The former CHS elevators in Horace were the only railroad customer on a 2.35-mile spur rail line, and that spur was only used a couple times each year.
It was cheaper for the Diversion Authority to buy the elevators and rail bed right-of-way — and to pay for added storage to the CHS-Dakota Plains Ag elevator in Kindred — than to build a railroad bridge that would receive such limited use, Paulsen said.
“That prevented us from having to build a $17 million bridge,” including operation and maintenance costs, he said.
Associated expenses included $1.2 million to acquire right-of-way from BNSF, $3.6 million to the Red River Valley & Western Railroad for operating rights and abandonment fees for the track segment and $3.1 million to CHS to expand capacity at its Kindred elevator.
If the railroad bridge issues hadn’t been resolved, a report for project lenders estimated completion of the Red River diversion could have been delayed by as much as about 280 days.
As a result of the agreements and the purchase of the Horace elevators, the diversion project remains on schedule, with completion in time to allow it to operate in the spring of 2027.
“Right now, we’re still on track,” said John Shockley, a lawyer for the Diversion Authority who was involved in the painstaking negotiations.
ASN Constructors, which is building the diversion channel, and associated public works could have faced “acceleration costs” of $23 million, according to a report by Altus Group, which is monitoring progress on the project for lenders.
The Red River Valley Alliance, the consortium behind the project in partnership with the Diversion Authority, could have faced additional costs of $12.7 million.
Those potential delays and additional costs have been avoided because the bridge issues have been resolved, Paulsen and an executive with the Red River Valley Alliance said.

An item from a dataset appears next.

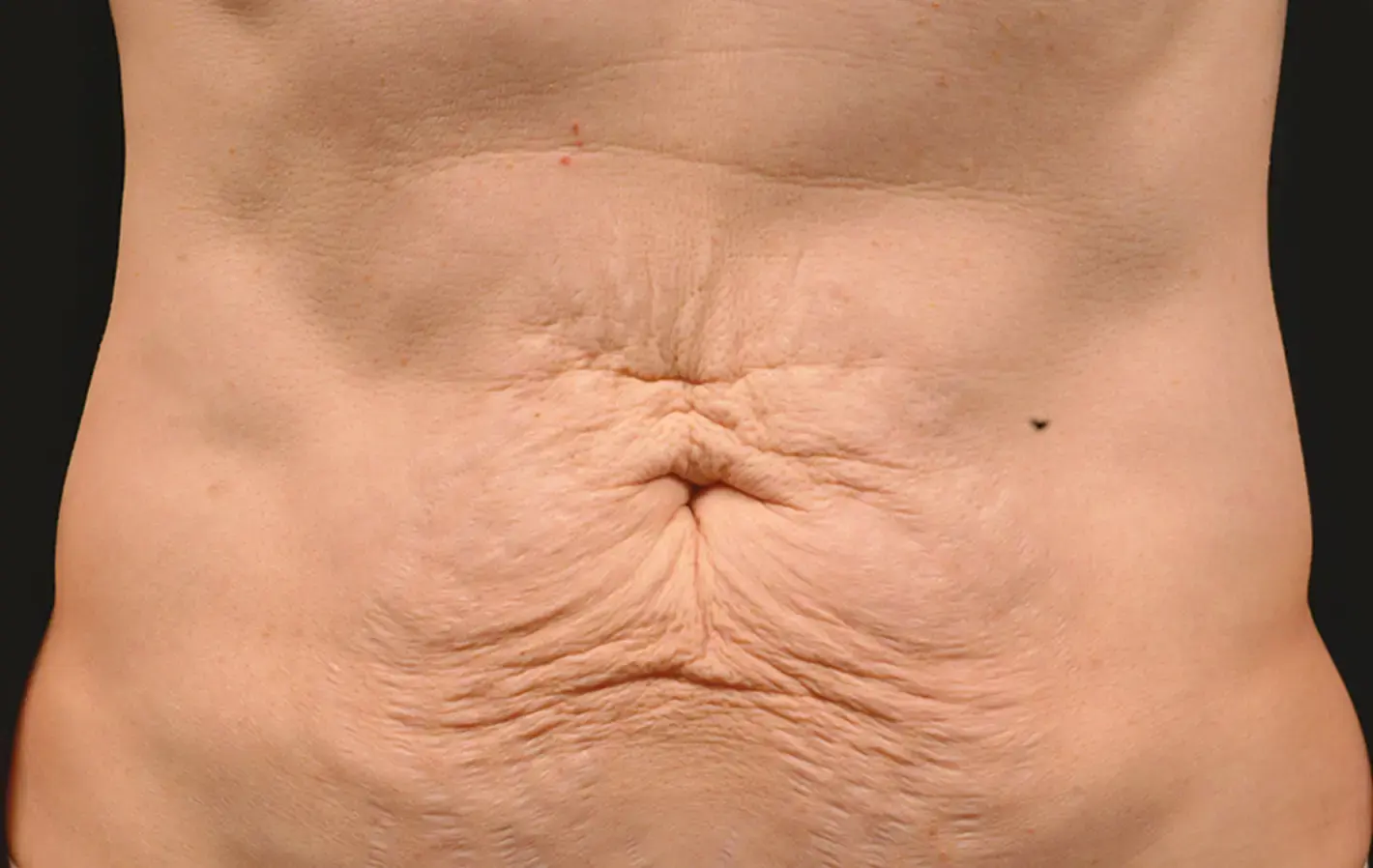 Thermage body before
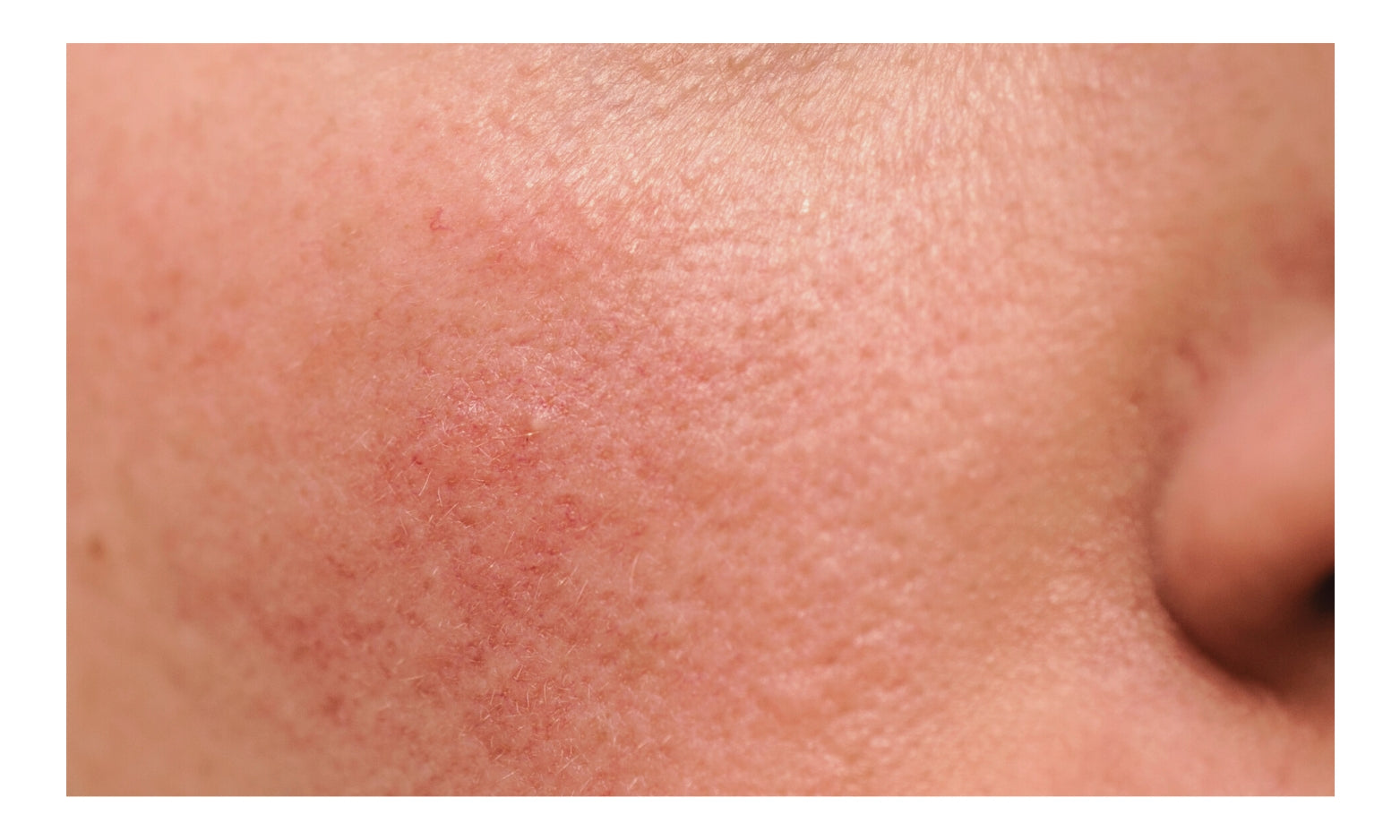 Chicago Cosmetic Surgery & Dermatology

“I’m happy to report we were able to mitigate that issue,” Paulsen said. One way of making up time is to have simultaneous reviews of the railroad bridges, both from the perspective of the authority’s flood-protection needs and those of BNSF.
“So, you have really two sets of eyes looking at it,” Shockley said.
BNSF wanted the three railroad bridges to have the capability of adding a second set of tracks in the future and wanted to have ownership and control of the bridges — conditions that were accepted in an agreement signed in January, Paulsen said.
Besides the three railroad crossings of the diversion channel, the project also required multiple agreements with the North Dakota Department of Transportation and utilities for crossings.
The Diversion Authority has reached more than 30 utility agreements to cross the channel, including pipelines and wires, with a similar number involving the 20-mile embankment.
“There’s a whole host of utilities that cross,” Shockley said.
A decision about what to do with the abandoned elevators and rail segment will be up to the Diversion Authority board. The property is of no use to the flood project, he said.
“We are not a rail company or a grain handling company,” Shockley said.